--- START ---
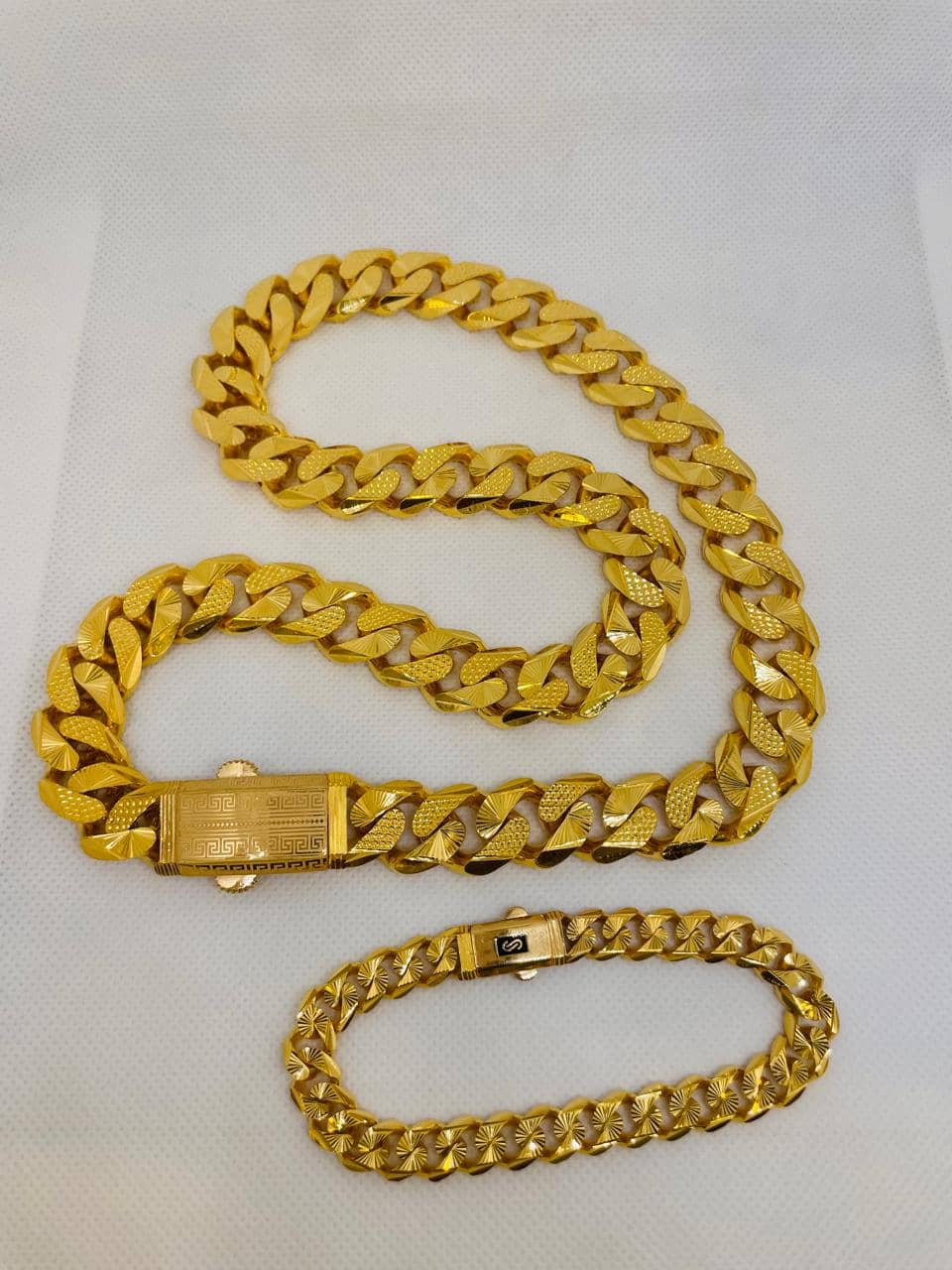Gold Cuban link chain with matching bracelet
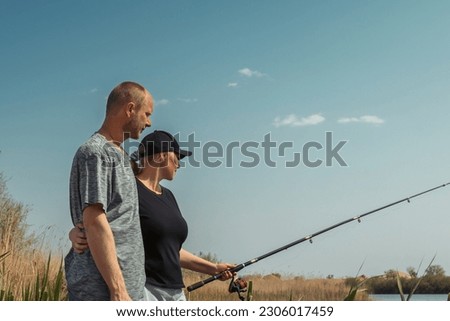 Family couple fishing together on the river bank. Enjoying calm and relax of nature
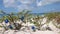 Christmas on a beach. Evergreen plant on beach decorated with Christmas balls.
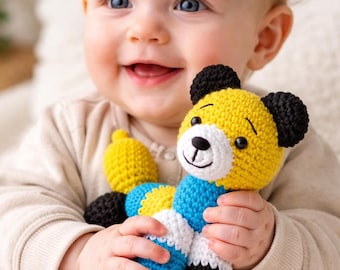 May include: A smiling baby holds a colorful, handmade crochet toy. The toy is a bear-like creature with a yellow head, black ears, and a blue and white body. The toy has a smiling face with a black nose and eyes. The baby is wearing a light-colored onesie.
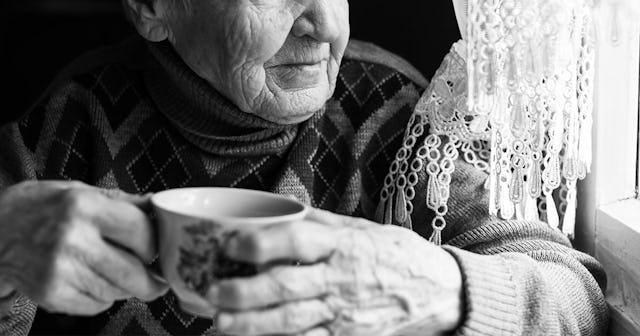 A grandmother drinking coffee and looking through the window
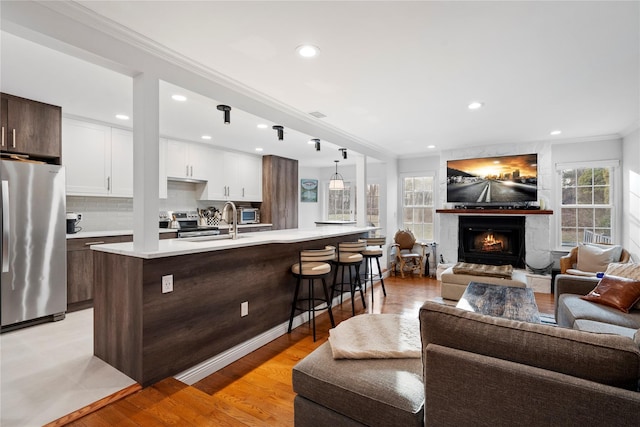 kitchen featuring a breakfast bar area, open floor plan, light countertops, stainless steel appliances, and a sink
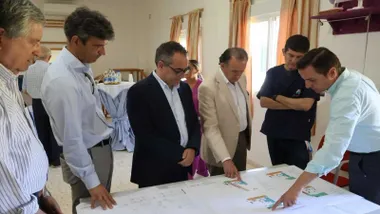 José María Román con chaqueta blanca, alcalde de Chiclana, mirando unos planos en una mesa y rodeado de otras personas.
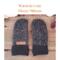 Pair of warm and cozy black and white speckled fleece regular sized women's mittens on rustic wood background — winter mittens for woman.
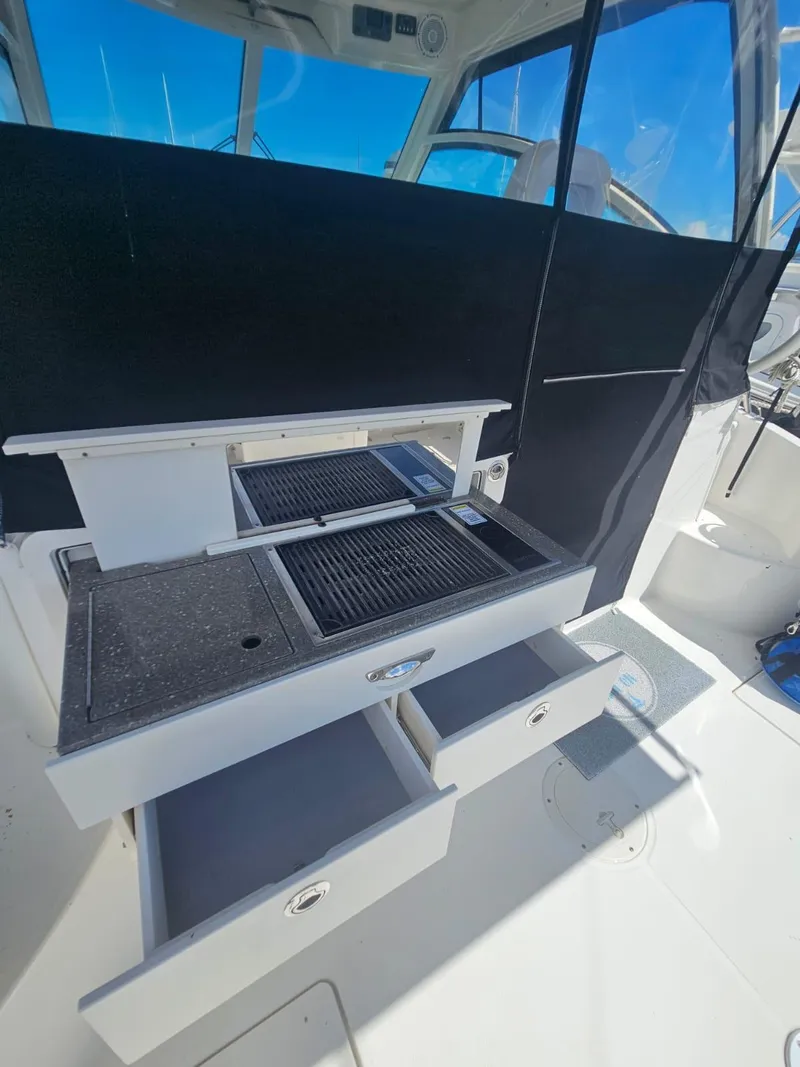 Slide: The Image of 2013 Boston Whaler 315 Conquest boat interior with open storage drawers and grill. - 21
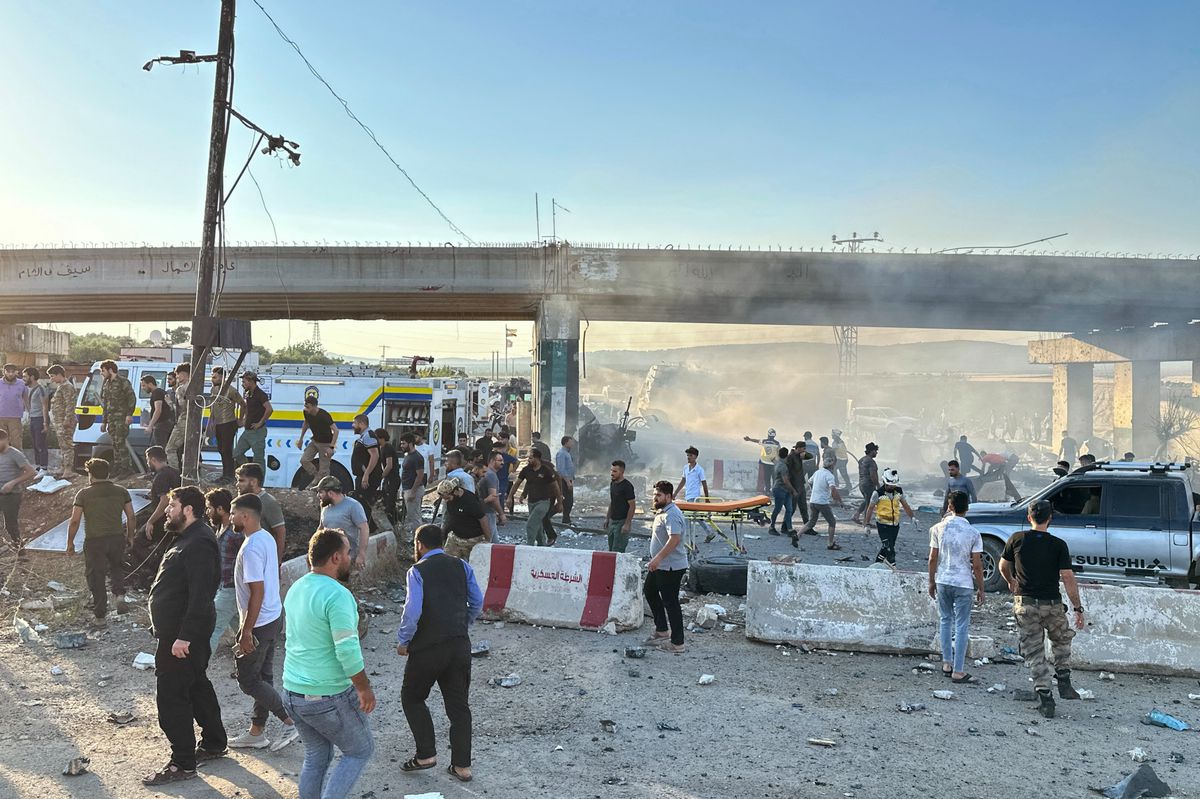 Pompiers et personnes rassemblées sur le site d'un camion piégé qui a explosé à un point de contrôle dans la ville syrienne d'Azaz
--- END ---
## EXERCISE INSTRUCTIONS:
Please repeat every record above exactly, leaving the pictures out.

## ANSWER TO THIS TASK:
Gold Cuban link chain with matching bracelet
 Family couple fishing together on the river bank. Enjoying calm and relax of nature
 Christmas on a beach. Evergreen plant on beach decorated with Christmas balls.
 May include: A smiling baby holds a colorful, handmade crochet toy. The toy is a bear-like creature with a yellow head, black ears, and a blue and white body. The toy has a smiling face with a black nose and eyes. The baby is wearing a light-colored onesie.
 A grandmother drinking coffee and looking through the window
 kitchen featuring a breakfast bar area, open floor plan, light countertops, stainless steel appliances, and a sink
 José María Román con chaqueta blanca, alcalde de Chiclana, mirando unos planos en una mesa y rodeado de otras personas.
 Pair of warm and cozy black and white speckled fleece regular sized women's mittens on rustic wood background — winter mittens for woman.
 Slide: The Image of 2013 Boston Whaler 315 Conquest boat interior with open storage drawers and grill. - 21
 Pompiers et personnes rassemblées sur le site d'un camion piégé qui a explosé à un point de contrôle dans la ville syrienne d'Azaz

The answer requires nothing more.